Thursday, November 13, 2014

America's National Story

      Poet, critic and professor Joshua Clover makes a fascinating supposition in his monograph on the movie The Matrix, for the British Film Institute's Modern Classics Series.  In a rather heady footnote, he suggests that the film Invasion of the Body Snatchers "is America's National Story, the one it remakes in times of crisis."  The original film, based on Jack Finney's book, was made in 1956 and remade in 1978, 1993 and 2007.  Clover sites the film's central thematic allure as being "the fantasy that one is the last free consciousness, as yet untainted by ideology, called to superhuman vigilance lest one be overtaken."  One might say that the human-duplicating pod people (the "body snatchers" of the title) represent a direct threat to what Americans hold most dear: individuality.
      This is a fascinating theory and one could spend days coming up with alternate stories that might qualify as the prime narrative of America's collective psyche, not to mention stories that do the same for other cultures (Clover's throws out the story of the 47 Ronin as Japan's).  Beneath all this, though, is the compelling point that we use our art not simply as a means of expression but as a repository for our most essential ethos.  

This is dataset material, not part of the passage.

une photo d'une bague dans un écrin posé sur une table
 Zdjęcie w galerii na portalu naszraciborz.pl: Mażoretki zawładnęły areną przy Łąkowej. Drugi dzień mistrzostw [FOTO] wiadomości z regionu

Thursday, November 6, 2014

Back to Sea

     Among my very earliest posts, I devoted some space to the graphic novel Set to Sea by Drew Weing, which I hailed as the Graphic Novel of the Year (of 2010).  With several years to revisit it and reexamine it, I believe it may actually be the Greatest Graphic Novel of All Time (though Shaun Tan's The Arrival is a tough contender). 
      Publisher Fantagraphics has given it a new print run, and if you haven't seen it yet, don't hesitate (it's available right here).  Even if it doesn't resonate for you quite as deeply as it has for me, it is a compelling work of art and a quintessential piece of cartooning.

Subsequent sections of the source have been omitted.